* _Your objective_
Restate the listing below word for word, omitting any images.
--- Supplied records Enclosed Below ---
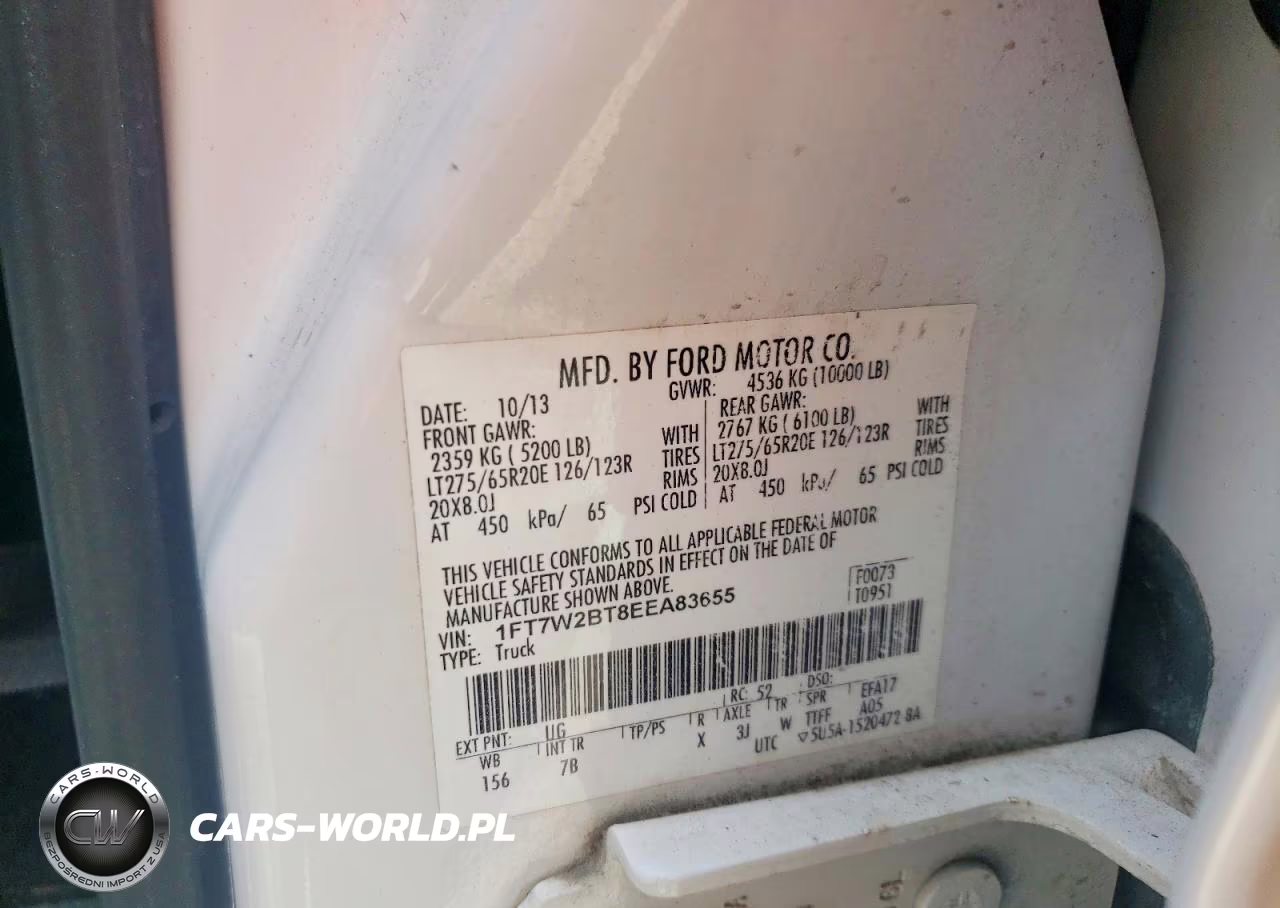 2014 FORD F250 SUPER DUTY VIN:1FT7W2BT8EEA83655 - 12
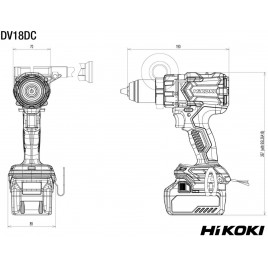 HiKOKI DV18DCW2Z Akumulatorowa wiertarka udarowa (18V/bez akumulatora)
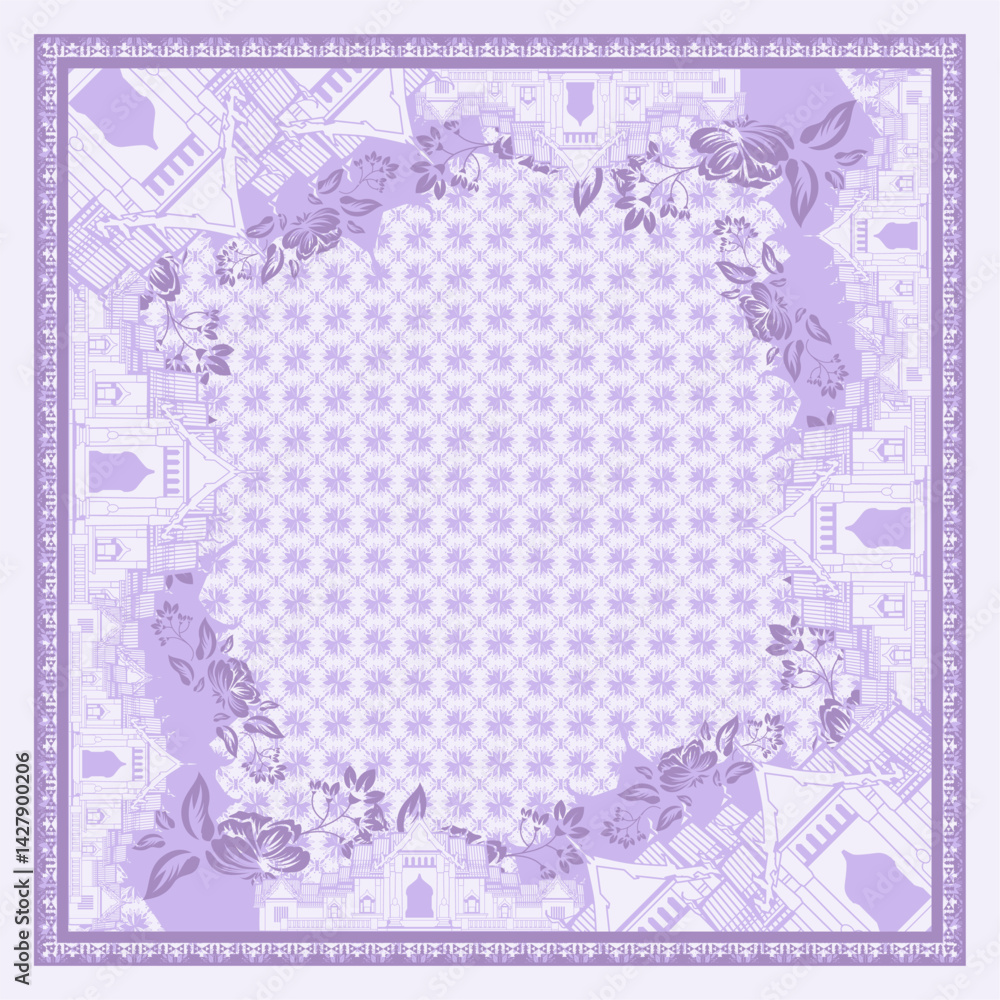 This minimalist ethnic hijab scarf design features a geometric border with traditional patterns in an elegant maroon and gold color scheme. Perfect for fashion-conscious women, the square layout makes This minimalist ethnic hijab scarf design features a geometric border with traditional patterns in an elegant maroon and gold color scheme. Perfect for fashion-conscious women, the square layout makes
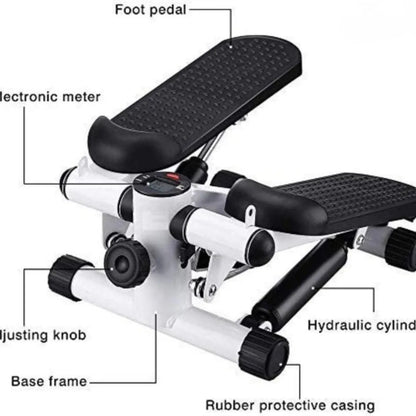 Mini Fitness Twist Stepper Exercise Machine with Electronic LED Display & Dual Hydraulic Drive | 2MM Steel Home Cardio Workout Stepper for Weight Loss & Full Body Fitness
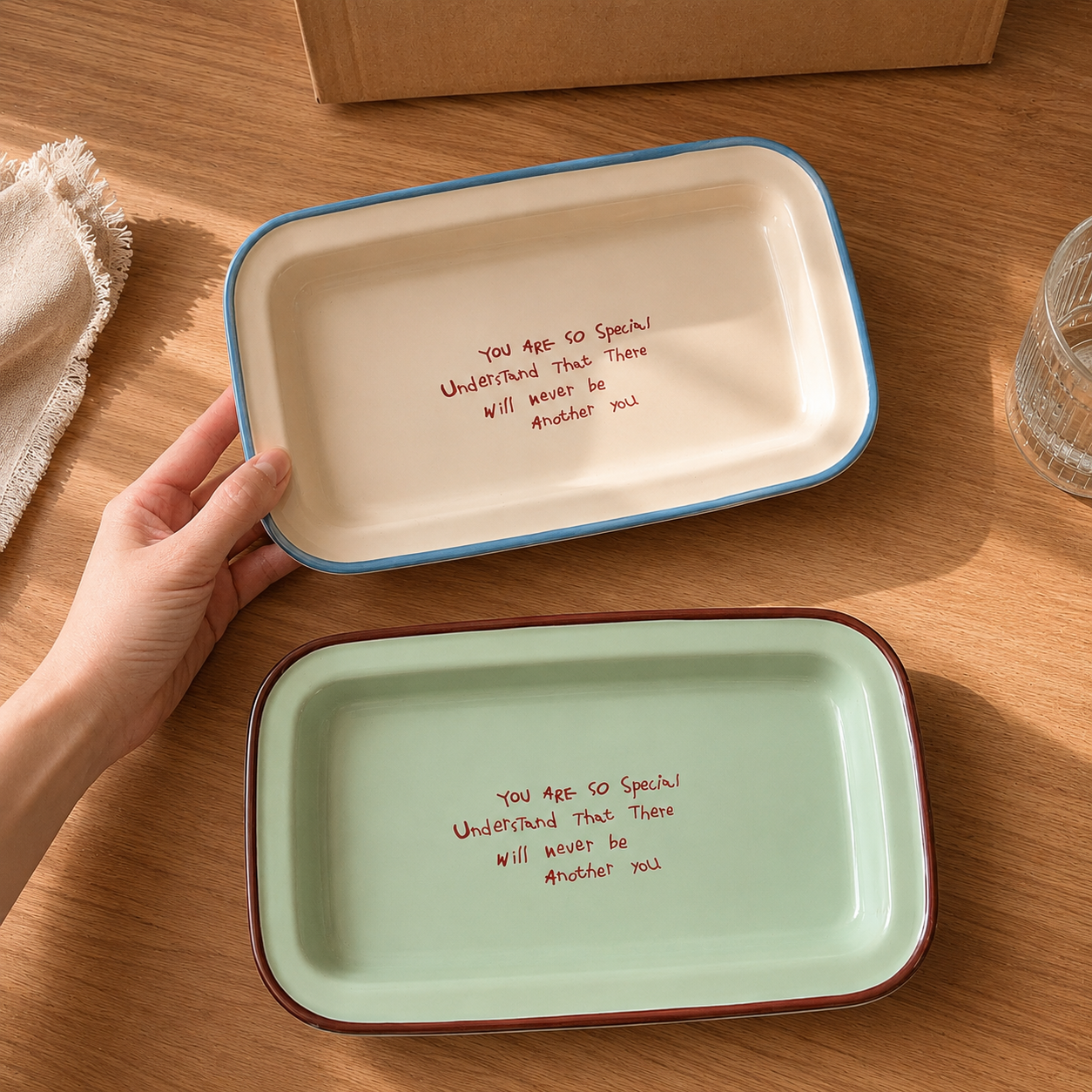 Pastel Colors Ceramic Rectangular Breakfast Plate, 10.5-Inch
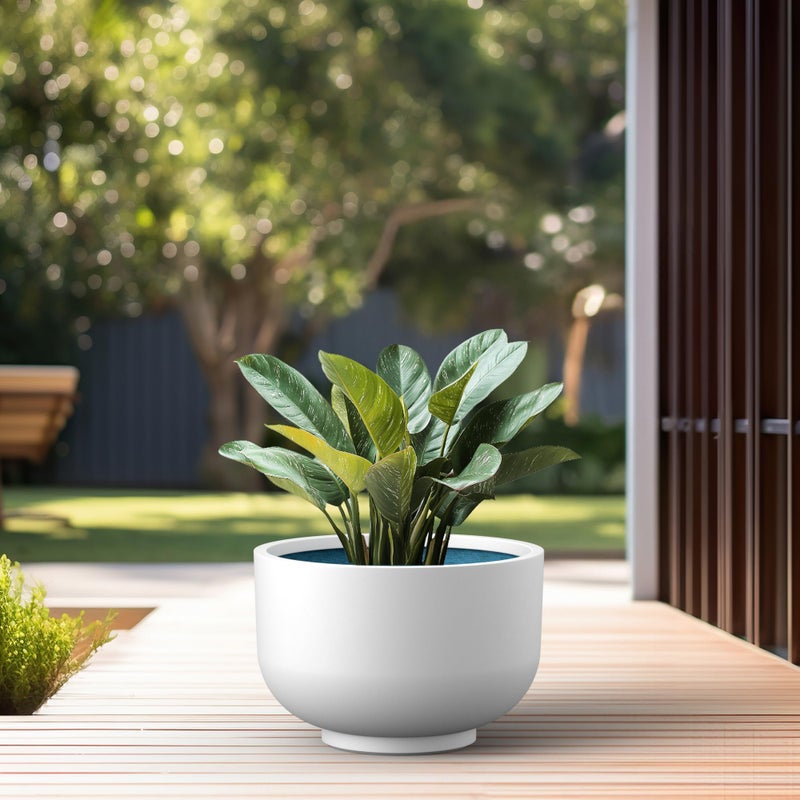 Kante 17.7 Inch Dia Concrete Bowl Planter, Large Tapered Bottom Plant Pot with Drainage, Smooth White Finish with Painted Interior, Ideal for Porch, Home, Garden, Patio - Image 5
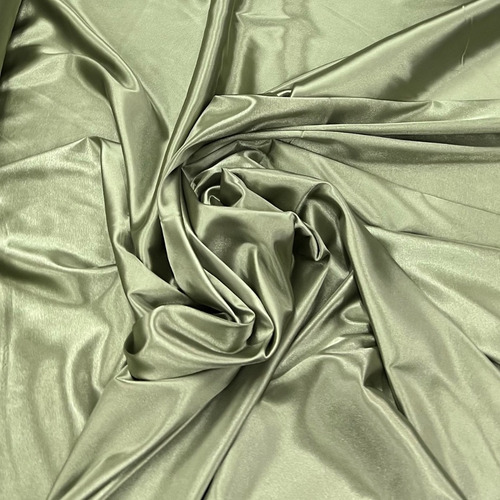 Tela Saten Con Lycra Elastizado Spandex Premium Por X Metro Verde Musgo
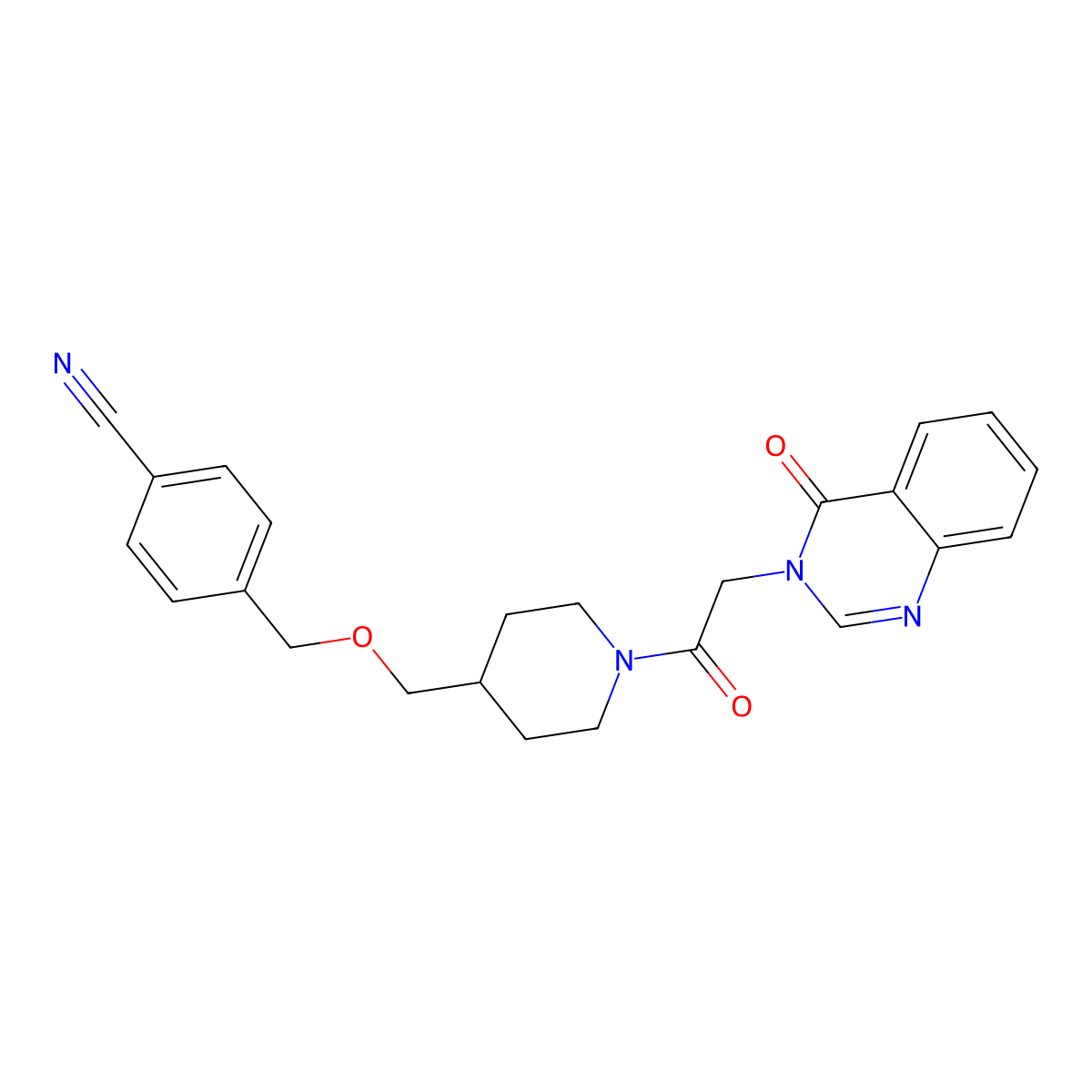 4-(((1-(2-(4-oxoquinazolin-3(4H)-yl)acetyl)piperidin-4-yl)methoxy)methyl)benzonitrile molecular structure, CAS 1396792-60-1
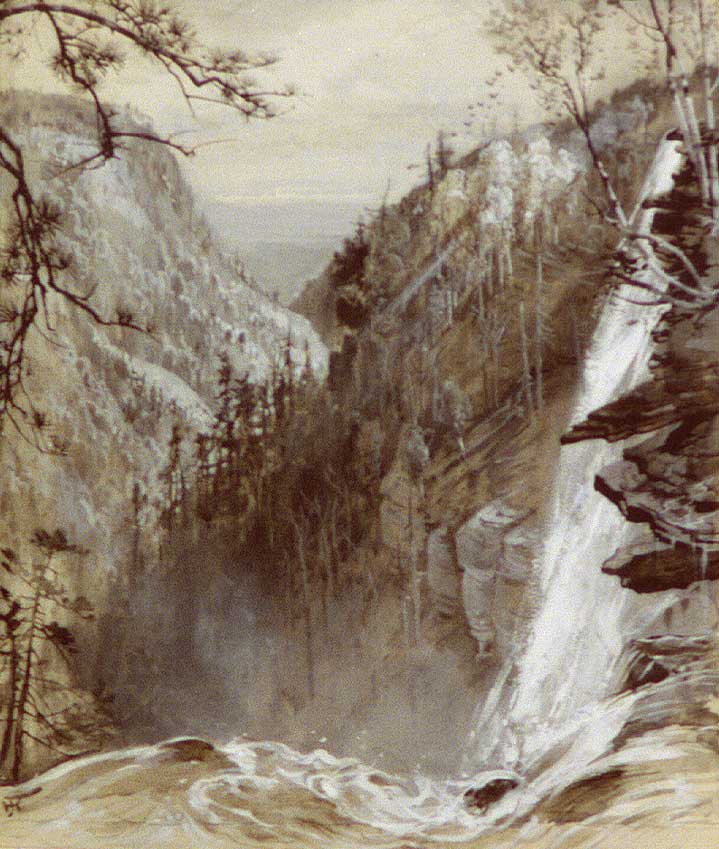 view of haines falls from the top by Harry Fenn in 1883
--- End of Enclosed Supplied records ---
* _Answer area_
 2014 FORD F250 SUPER DUTY VIN:1FT7W2BT8EEA83655 - 12
 HiKOKI DV18DCW2Z Akumulatorowa wiertarka udarowa (18V/bez akumulatora)
 This minimalist ethnic hijab scarf design features a geometric border with traditional patterns in an elegant maroon and gold color scheme. Perfect for fashion-conscious women, the square layout makes This minimalist ethnic hijab scarf design features a geometric border with traditional patterns in an elegant maroon and gold color scheme. Perfect for fashion-conscious women, the square layout makes
 Mini Fitness Twist Stepper Exercise Machine with Electronic LED Display & Dual Hydraulic Drive | 2MM Steel Home Cardio Workout Stepper for Weight Loss & Full Body Fitness
 Pastel Colors Ceramic Rectangular Breakfast Plate, 10.5-Inch
 Kante 17.7 Inch Dia Concrete Bowl Planter, Large Tapered Bottom Plant Pot with Drainage, Smooth White Finish with Painted Interior, Ideal for Porch, Home, Garden, Patio - Image 5
 Tela Saten Con Lycra Elastizado Spandex Premium Por X Metro Verde Musgo
 4-(((1-(2-(4-oxoquinazolin-3(4H)-yl)acetyl)piperidin-4-yl)methoxy)methyl)benzonitrile molecular structure, CAS 1396792-60-1
 view of haines falls from the top by Harry Fenn in 1883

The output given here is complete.